For many people, gardening becomes a task of imposing order and control on nature, such as restricting growth, clearing unwanted plants and introducing straight borders. My work takes this a stage further; simply by changing the colour of the stones, what would once have blended into nature becomes incongruous.
The process of spraying the stones acted as inspiration for creating a further series of work on canvas and paper. The stones became both a template and subject matter.
The artworks also resonate with the exhibiting garden’s name ‘Cairnhill’.

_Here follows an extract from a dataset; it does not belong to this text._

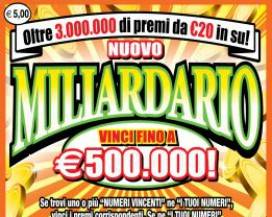 L’AQUILA: GRATTA E VINCI FORTUNATO, CLIENTE TORNA A CASA CON 100 MILA EURO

The inspiration for the Crescendo paintings came about from my observations whilst spraying colour onto the stones for the installation. Each stone acted as a template and consequently left a presence of itself, the outer edge delineating a positive and negative play of space and form. The process provided an impetus for further work, using the natural stones as material as well as subject. Individual stones were singled out for their size relative to the canvas support. The diptych format became important as a subtle signifier for infinity, the surface bridging the join of the diptych. The result is an abstraction of form, colour and shape, a painting that encompasses the rhythm of form seen in the garden but also sequences a painterly process.
In the ‘Delineation’ series individual stones were singled out for their size relative to the squared paper.
In response to the central templated shape, I created a surrounding gestural & fluid mark to accentuate the central form. When the series of works are displayed together, the rhythmic variation of shape and directional mark becomes reminiscent of visual dance.